TASK ITEM: When you reach the line that contains "Book Outback Heroes: Australia's" below, transcribe it and each line after it word for word to the end of the records, omitting pictures.

START SUPPLIED MATERIAL

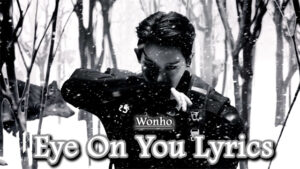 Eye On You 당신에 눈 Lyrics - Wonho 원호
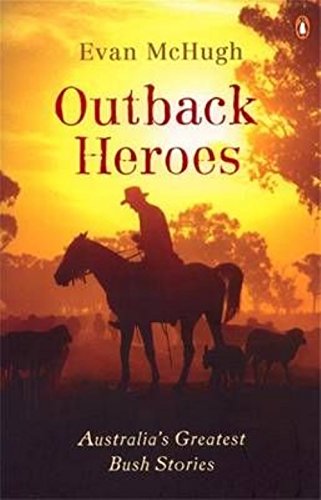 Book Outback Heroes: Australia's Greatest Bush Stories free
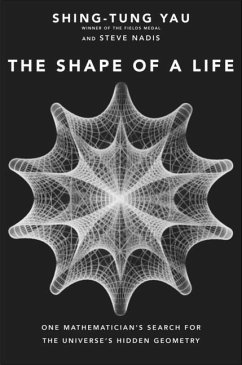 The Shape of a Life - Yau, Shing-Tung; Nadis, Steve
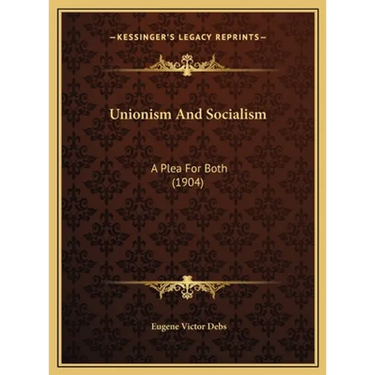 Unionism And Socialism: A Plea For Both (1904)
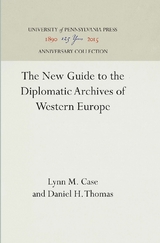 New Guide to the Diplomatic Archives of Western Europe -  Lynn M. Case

END SUPPLIED MATERIAL

RESPONSE FOR THIS EXERCISE:
 Book Outback Heroes: Australia's Greatest Bush Stories free
 The Shape of a Life - Yau, Shing-Tung; Nadis, Steve
 Unionism And Socialism: A Plea For Both (1904)
 New Guide to the Diplomatic Archives of Western Europe -  Lynn M. Case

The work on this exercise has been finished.